→ Task brief
Will you output all of the data below exactly, omitting the images?

[Image-backed grounding data]
+ + + + + + +

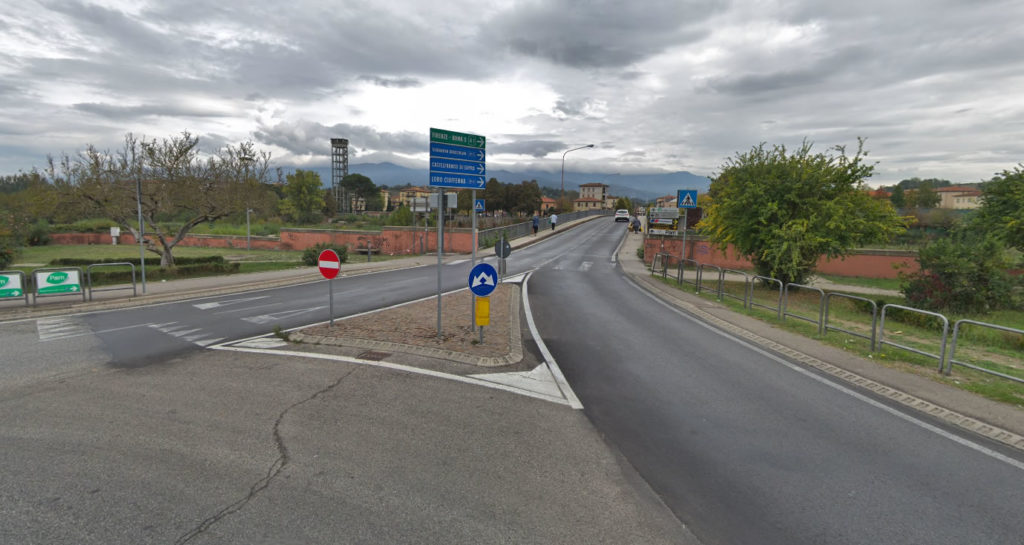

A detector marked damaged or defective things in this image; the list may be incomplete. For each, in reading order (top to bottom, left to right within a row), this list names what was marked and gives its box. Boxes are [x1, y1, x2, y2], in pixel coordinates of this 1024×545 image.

road surface crack [172, 368, 356, 540]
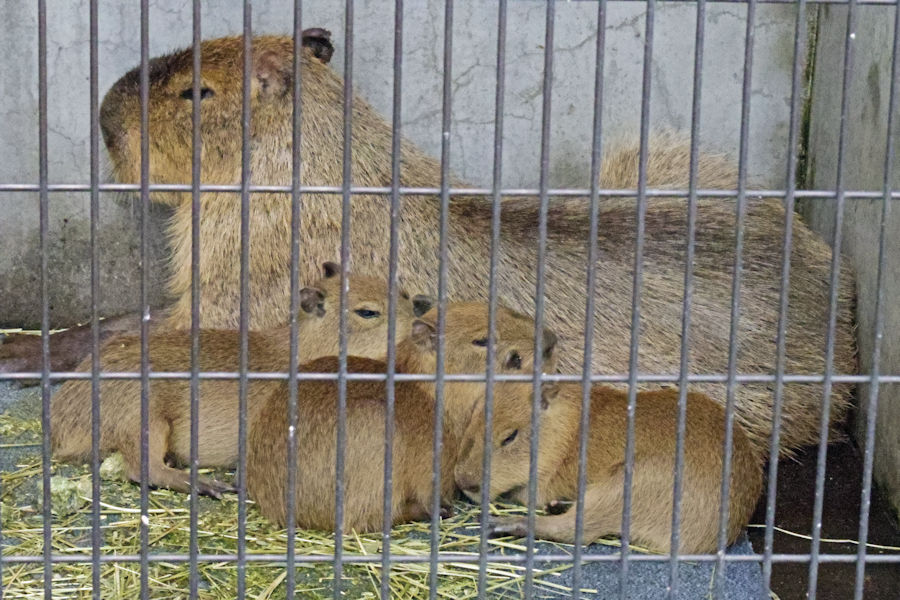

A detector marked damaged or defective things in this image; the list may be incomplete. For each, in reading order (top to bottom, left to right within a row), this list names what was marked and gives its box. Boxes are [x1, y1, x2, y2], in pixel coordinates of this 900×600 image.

cracked concrete [3, 1, 796, 328]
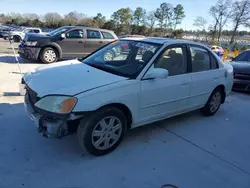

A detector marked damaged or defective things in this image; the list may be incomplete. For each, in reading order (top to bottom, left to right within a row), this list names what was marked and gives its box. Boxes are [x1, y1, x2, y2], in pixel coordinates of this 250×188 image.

crumpled hood [23, 59, 127, 97]
damaged front bumper [23, 93, 68, 138]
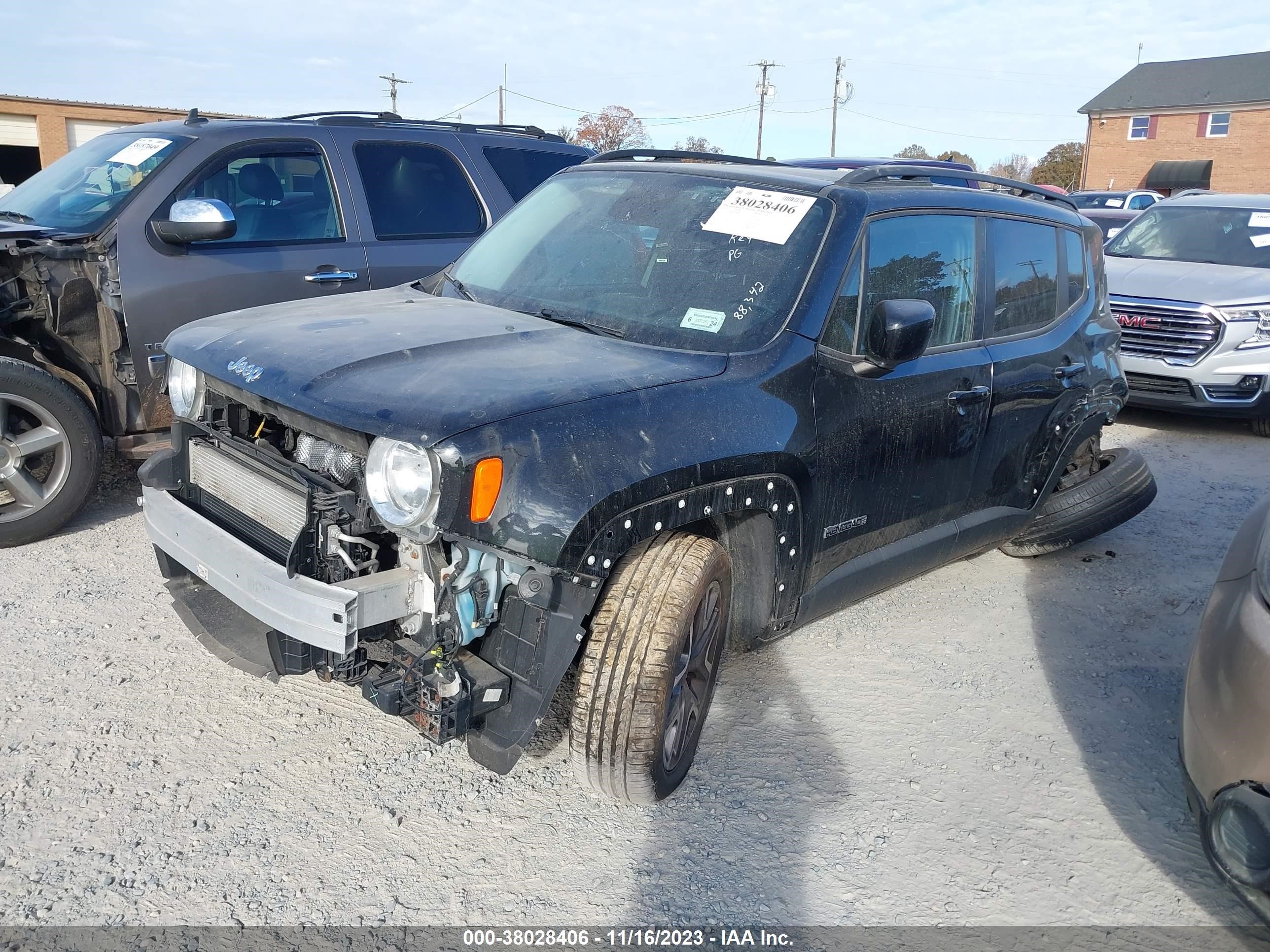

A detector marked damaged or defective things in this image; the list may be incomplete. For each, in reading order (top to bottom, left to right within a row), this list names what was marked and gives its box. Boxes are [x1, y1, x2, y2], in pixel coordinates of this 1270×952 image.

front end damage [0, 230, 144, 438]
exposed headlight [164, 359, 203, 418]
front end damage [141, 384, 600, 781]
exposed headlight [365, 438, 440, 528]
damaged jeep renegade [141, 155, 1160, 804]
exposed headlight [1223, 306, 1270, 351]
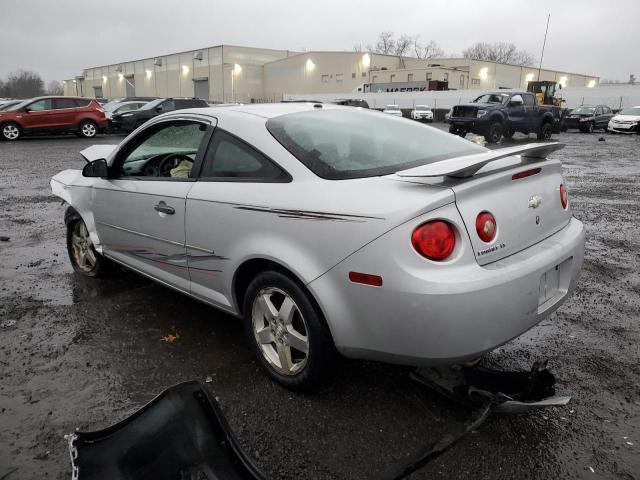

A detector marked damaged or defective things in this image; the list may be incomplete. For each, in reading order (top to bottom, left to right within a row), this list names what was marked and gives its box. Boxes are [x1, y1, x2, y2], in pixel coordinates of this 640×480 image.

detached bumper piece [67, 382, 262, 480]
detached bumper piece [410, 360, 568, 412]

+ + + + + + +

→ Response
A detector marked damaged or defective things in this image; the list may be incomplete. For each, in reading order (top to bottom, left to right within a row), this list names what was marked and gives its box. Boxes are [x1, y1, x2, y2], in pixel coordinates of this 1024×545 image.

road surface crack [172, 368, 356, 540]

A detector marked damaged or defective things in this image; the list may be incomplete. For each, in reading order (top to bottom, left to right within a row), this list names what was marked and gives its box. Boxes are [x1, y1, x2, y2], in pixel coordinates of this 900×600 image.

cracked concrete [3, 1, 796, 328]

A detector marked damaged or defective things in this image; the list may be incomplete. For each, in reading order (top to bottom, left to right within a row), this list names what was marked and gives its box. Boxes are [x1, y1, x2, y2], in pixel coordinates of this 250×188 image.

crumpled hood [23, 59, 127, 97]
damaged front bumper [23, 93, 68, 138]

A detector marked damaged or defective things in this image; the list may be incomplete. For each, in reading order (top to bottom, left to right within a row), this list names what was marked and gives its box. Boxes are [x1, y1, x2, y2], in pixel coordinates of this 1270×952 image.

front end damage [0, 230, 144, 438]
exposed headlight [164, 359, 203, 418]
front end damage [141, 384, 600, 781]
exposed headlight [365, 438, 440, 528]
damaged jeep renegade [141, 155, 1160, 804]
exposed headlight [1223, 306, 1270, 351]

A detector marked damaged or defective things in this image; the list may be incomplete. For each, in reading order (top to bottom, left to right within a row), this list names what was marked and gives its box. Boxes are [x1, y1, x2, y2], in pixel coordinates of this 640×480 image.

detached bumper piece [67, 382, 262, 480]
detached bumper piece [410, 360, 568, 412]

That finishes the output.